Exercise objective: When you reach the line with "You can now" in the records below, begin transcribing exactly and continue up to and including the line with "How do I delete", leaving out every picture.

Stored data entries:
----
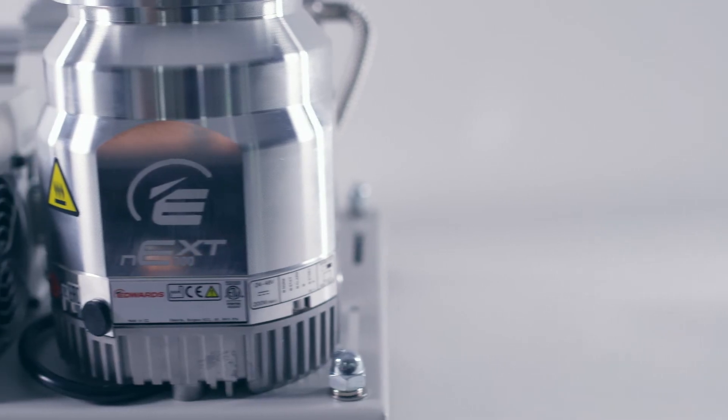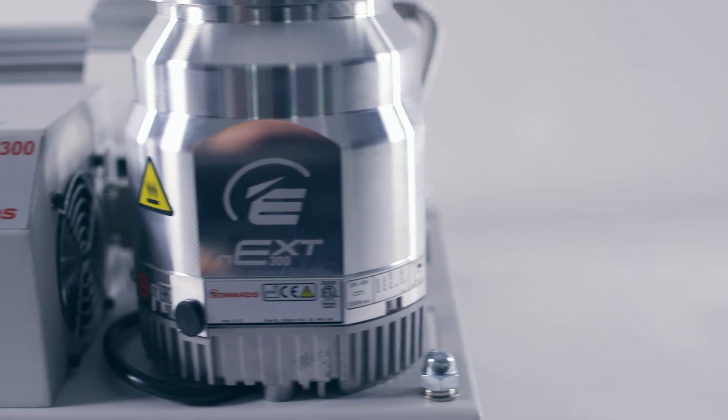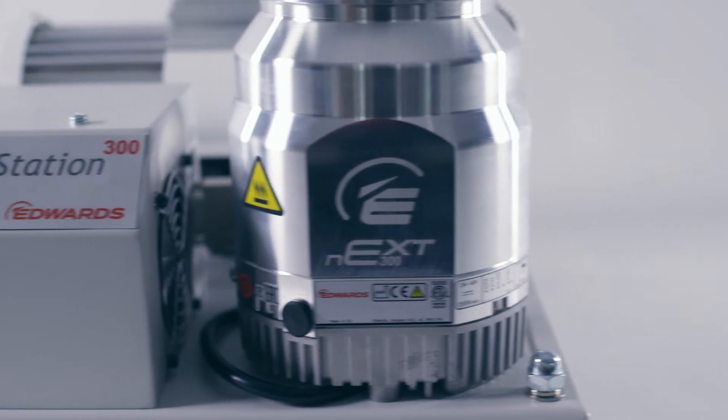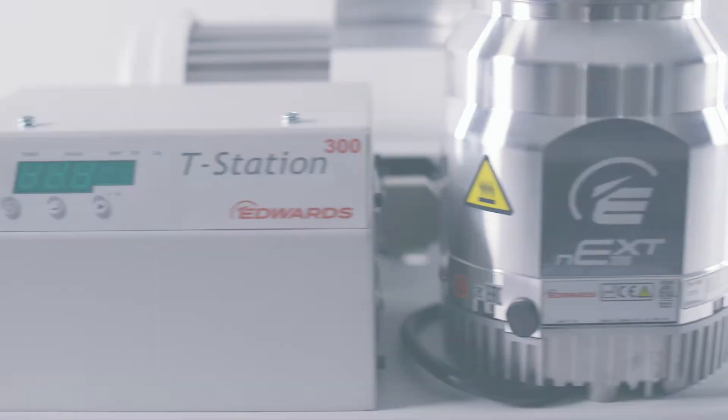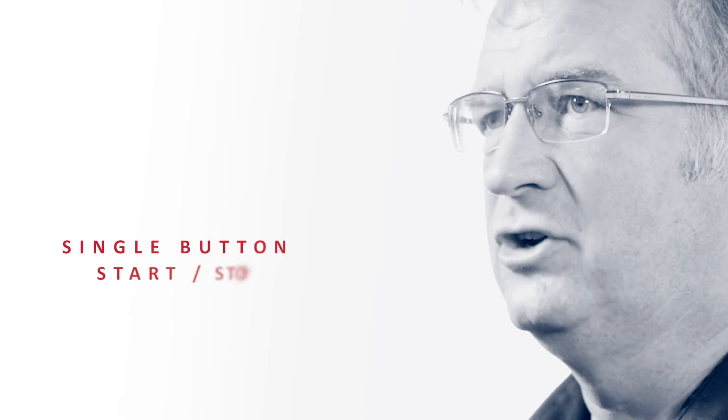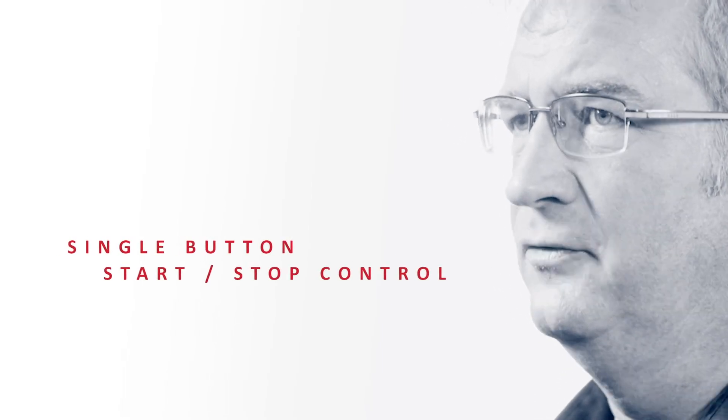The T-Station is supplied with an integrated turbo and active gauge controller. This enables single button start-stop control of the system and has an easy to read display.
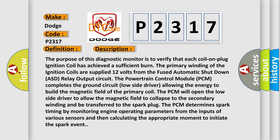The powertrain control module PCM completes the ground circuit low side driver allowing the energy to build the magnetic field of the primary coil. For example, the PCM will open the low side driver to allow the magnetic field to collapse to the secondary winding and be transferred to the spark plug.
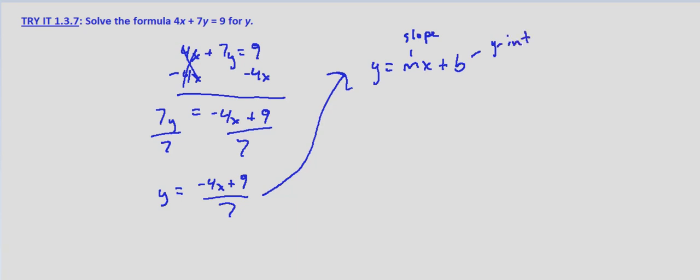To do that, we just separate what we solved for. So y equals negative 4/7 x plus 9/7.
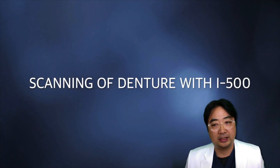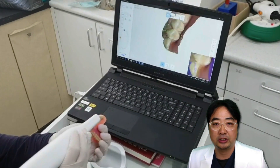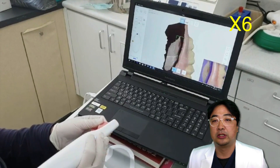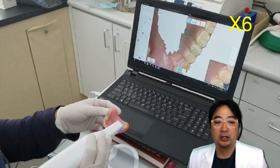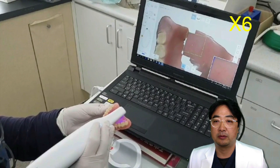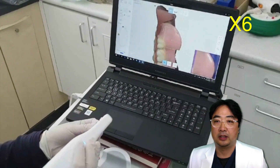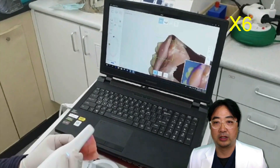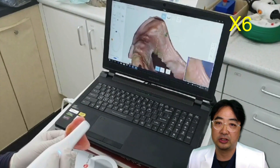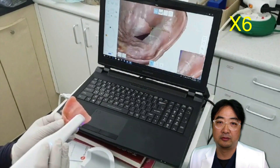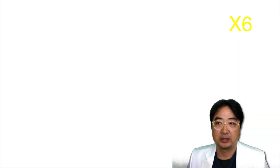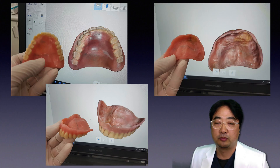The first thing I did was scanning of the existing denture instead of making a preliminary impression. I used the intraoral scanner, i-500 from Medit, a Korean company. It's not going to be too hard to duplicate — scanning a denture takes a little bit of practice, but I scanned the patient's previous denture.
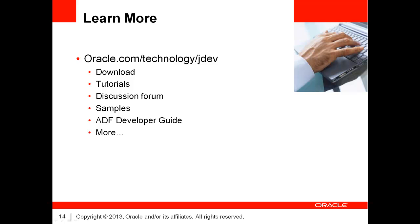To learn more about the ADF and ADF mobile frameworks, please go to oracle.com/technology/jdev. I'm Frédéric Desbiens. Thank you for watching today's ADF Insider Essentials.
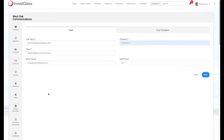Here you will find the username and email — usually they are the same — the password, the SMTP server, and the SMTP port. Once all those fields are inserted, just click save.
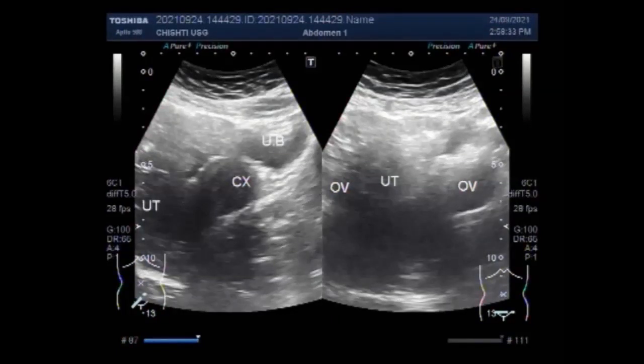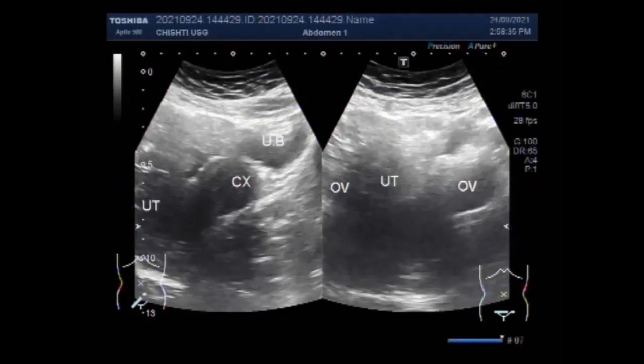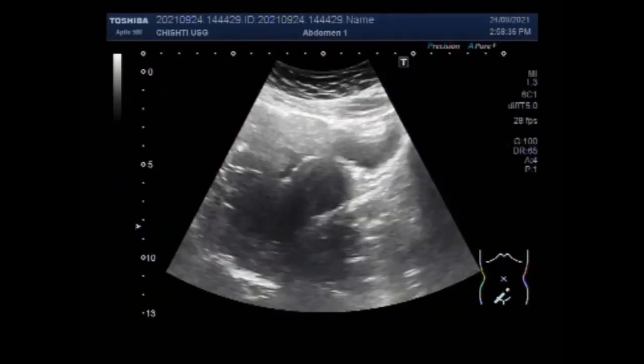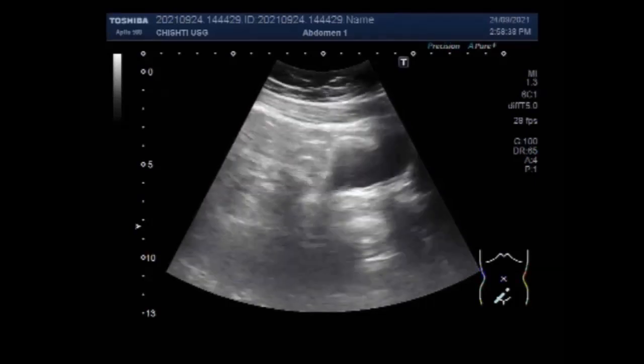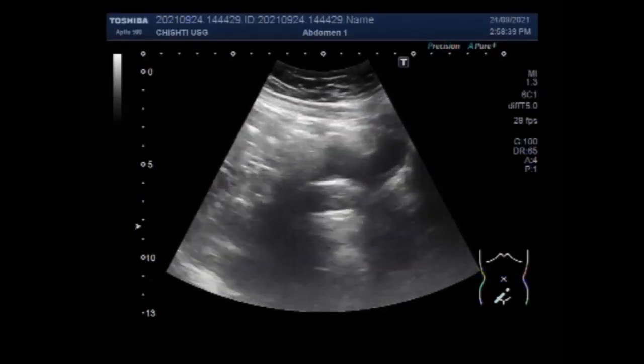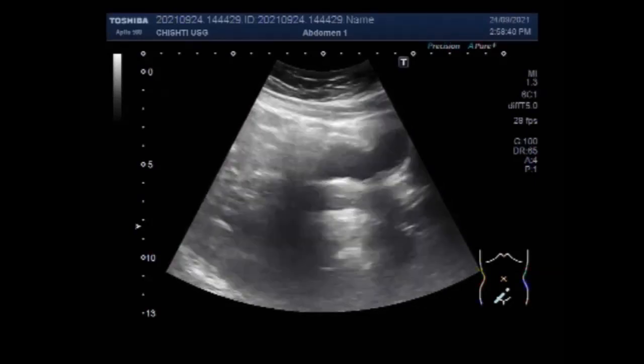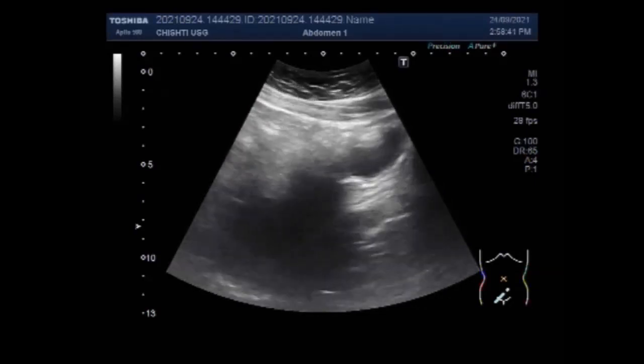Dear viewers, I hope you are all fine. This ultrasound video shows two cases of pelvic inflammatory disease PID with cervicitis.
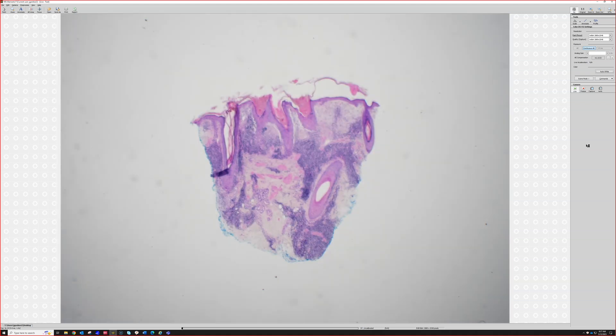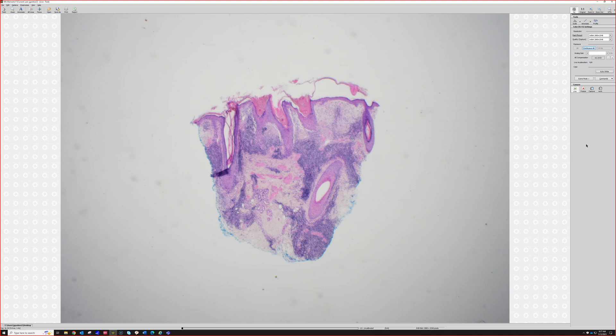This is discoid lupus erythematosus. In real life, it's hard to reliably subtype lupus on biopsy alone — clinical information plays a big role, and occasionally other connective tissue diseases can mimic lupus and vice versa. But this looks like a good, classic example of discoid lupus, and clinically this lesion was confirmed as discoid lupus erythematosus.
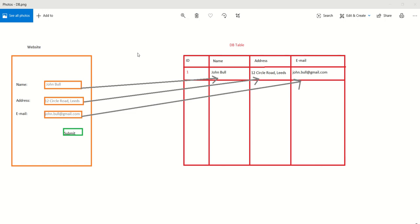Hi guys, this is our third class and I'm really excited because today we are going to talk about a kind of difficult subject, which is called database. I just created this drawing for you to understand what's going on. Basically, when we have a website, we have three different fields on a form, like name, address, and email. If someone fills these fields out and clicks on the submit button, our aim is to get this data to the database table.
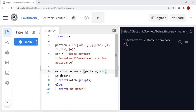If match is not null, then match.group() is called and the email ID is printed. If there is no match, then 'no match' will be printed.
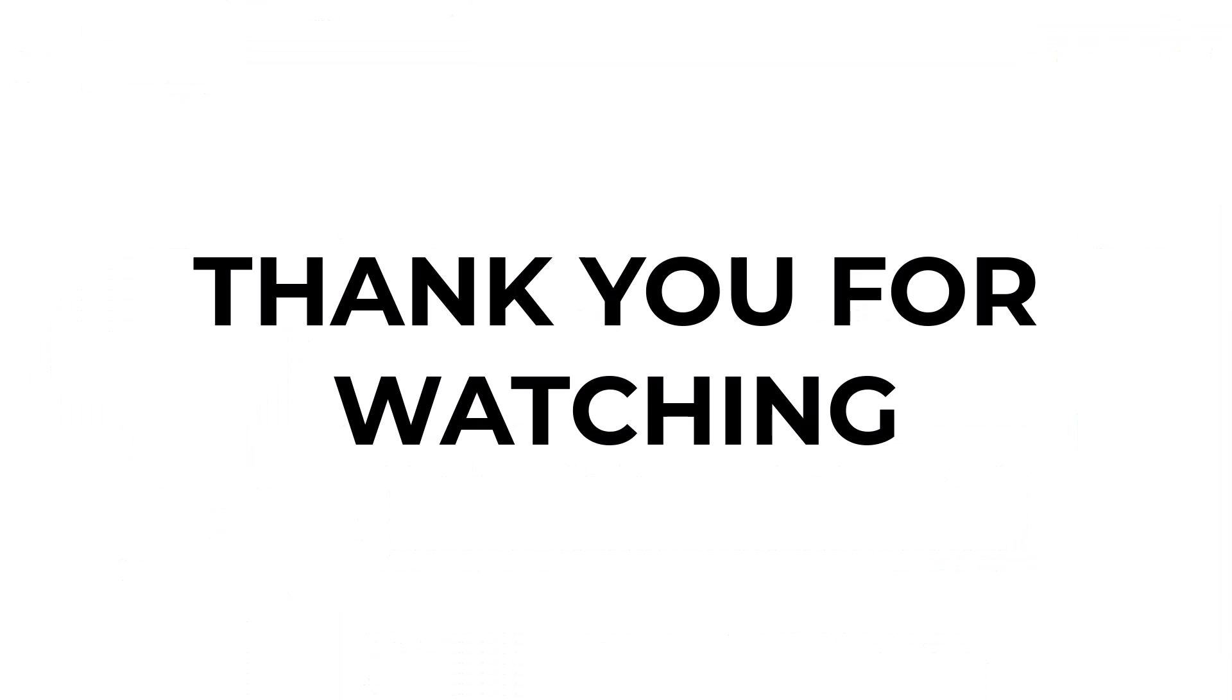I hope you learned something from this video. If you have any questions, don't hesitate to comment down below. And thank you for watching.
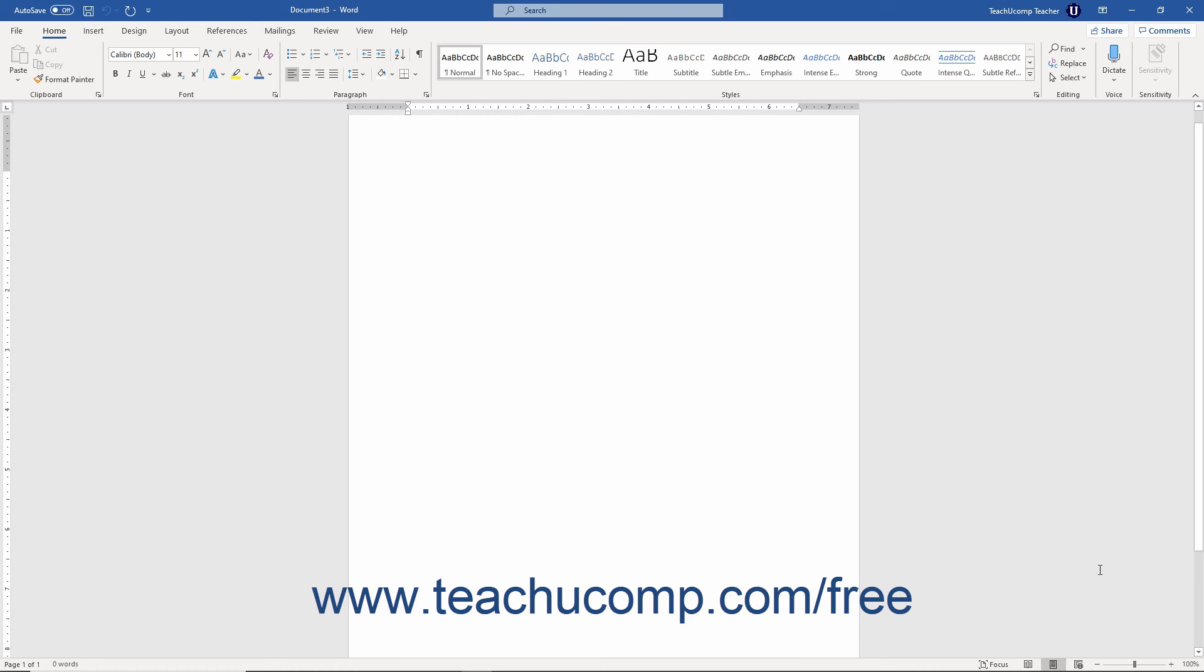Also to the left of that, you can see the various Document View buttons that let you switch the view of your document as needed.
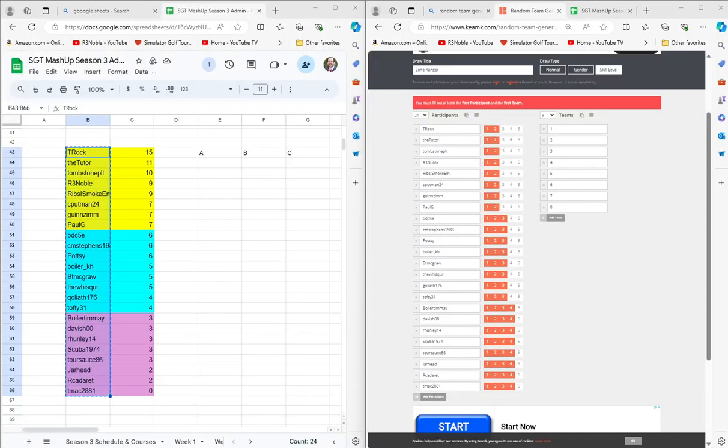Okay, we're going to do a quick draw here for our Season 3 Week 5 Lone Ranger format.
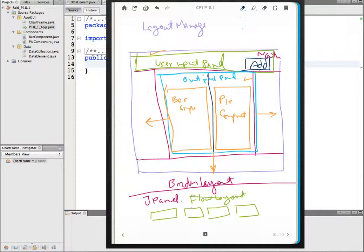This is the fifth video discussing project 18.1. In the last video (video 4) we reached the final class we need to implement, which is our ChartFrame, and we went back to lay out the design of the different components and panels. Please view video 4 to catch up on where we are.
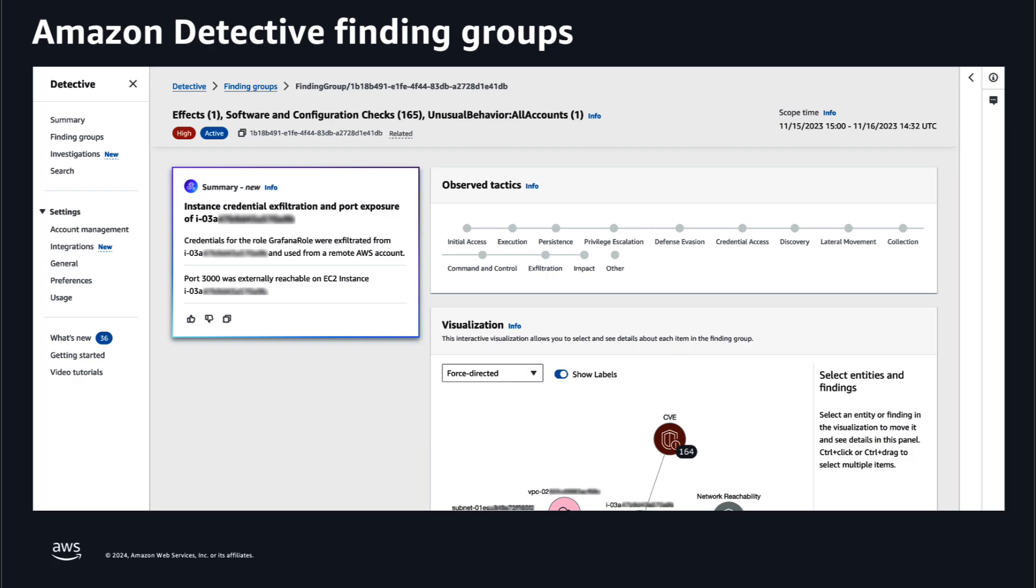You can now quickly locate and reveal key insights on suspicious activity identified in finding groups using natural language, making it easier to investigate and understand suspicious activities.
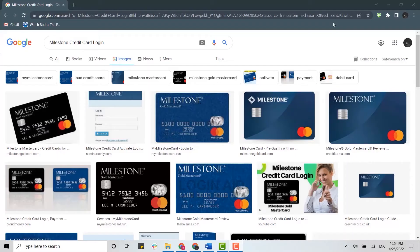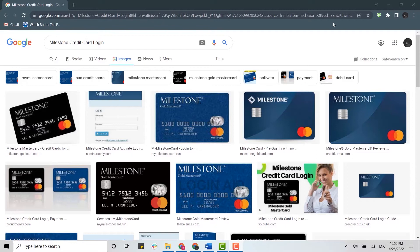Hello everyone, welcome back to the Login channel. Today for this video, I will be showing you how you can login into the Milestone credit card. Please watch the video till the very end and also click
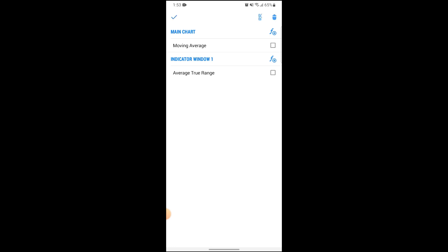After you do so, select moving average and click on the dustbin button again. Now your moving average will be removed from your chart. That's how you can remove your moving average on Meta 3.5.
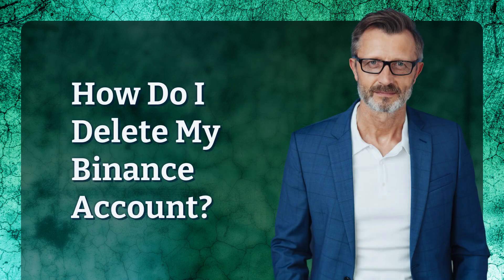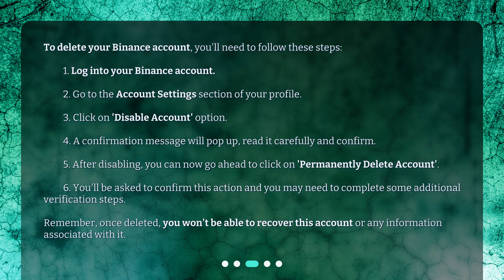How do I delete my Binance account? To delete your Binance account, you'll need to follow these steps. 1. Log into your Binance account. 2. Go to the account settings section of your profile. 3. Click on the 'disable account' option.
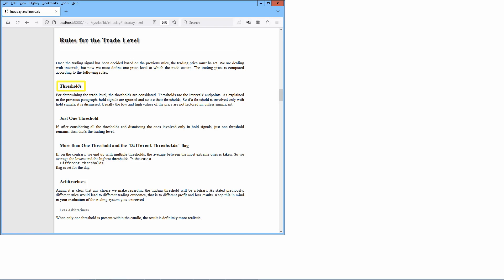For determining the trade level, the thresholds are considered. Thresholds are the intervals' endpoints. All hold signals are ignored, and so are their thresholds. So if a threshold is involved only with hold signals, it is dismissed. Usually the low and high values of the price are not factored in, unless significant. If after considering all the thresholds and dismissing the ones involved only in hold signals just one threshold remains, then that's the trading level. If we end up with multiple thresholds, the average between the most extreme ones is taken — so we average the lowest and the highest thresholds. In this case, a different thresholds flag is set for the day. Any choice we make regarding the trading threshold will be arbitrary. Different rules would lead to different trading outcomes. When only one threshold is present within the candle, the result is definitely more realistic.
----
Expected answer:
You can now quickly locate and reveal key insights on suspicious activity identified in finding groups using natural language, making it easier to investigate and understand suspicious activities.
Hello everyone, welcome back to the Login channel. Today for this video, I will be showing you how you can login into the Milestone credit card. Please watch the video till the very end and also click
After you do so, select moving average and click on the dustbin button again. Now your moving average will be removed from your chart. That's how you can remove your moving average on Meta 3.5.
How do I delete my Binance account? To delete your Binance account, you'll need to follow these steps. 1. Log into your Binance account. 2. Go to the account settings section of your profile. 3. Click on the 'disable account' option.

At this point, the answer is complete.